WORK TO BE COMPLETED: Copy exactly the lines of the material below that fall between the line with "Cartão Gauguin French" and the line with "100-400pcs White Faux", both of those lines included; pictures stay out.

### SUPPLIED RECORDS

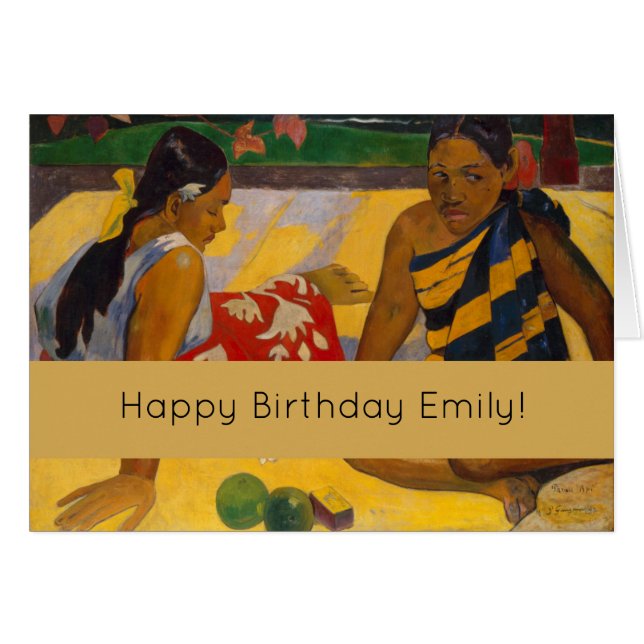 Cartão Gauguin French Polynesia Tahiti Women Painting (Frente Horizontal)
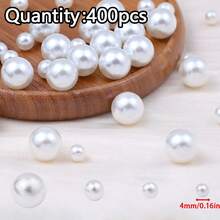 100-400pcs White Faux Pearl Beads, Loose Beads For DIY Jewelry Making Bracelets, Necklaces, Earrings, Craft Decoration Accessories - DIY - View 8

######
### SUPPLIED RECORDS

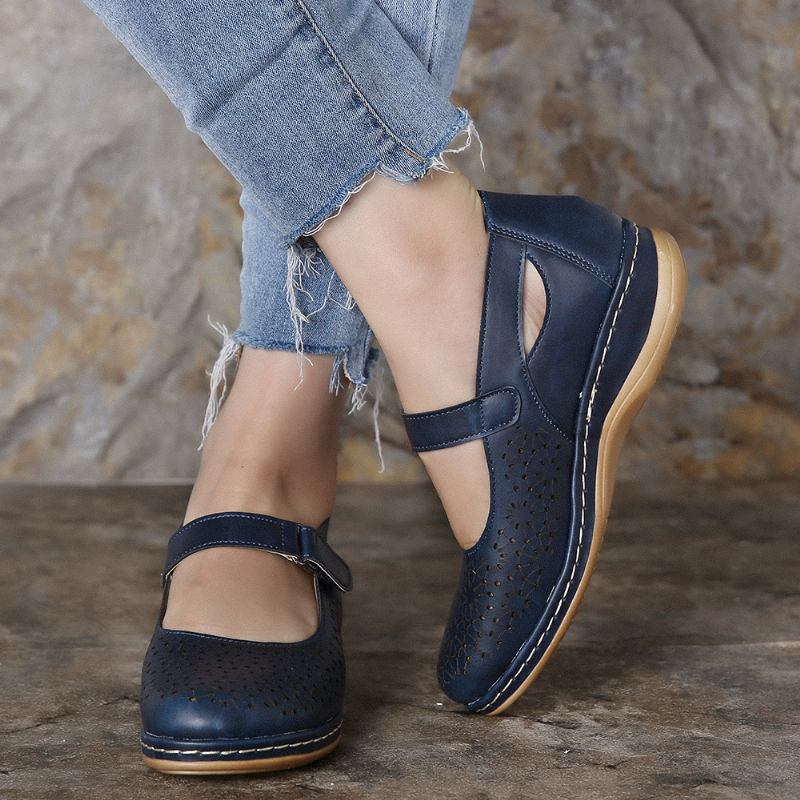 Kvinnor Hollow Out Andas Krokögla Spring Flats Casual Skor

######

RESULT:
 Cartão Gauguin French Polynesia Tahiti Women Painting (Frente Horizontal)
 100-400pcs White Faux Pearl Beads, Loose Beads For DIY Jewelry Making Bracelets, Necklaces, Earrings, Craft Decoration Accessories - DIY - View 8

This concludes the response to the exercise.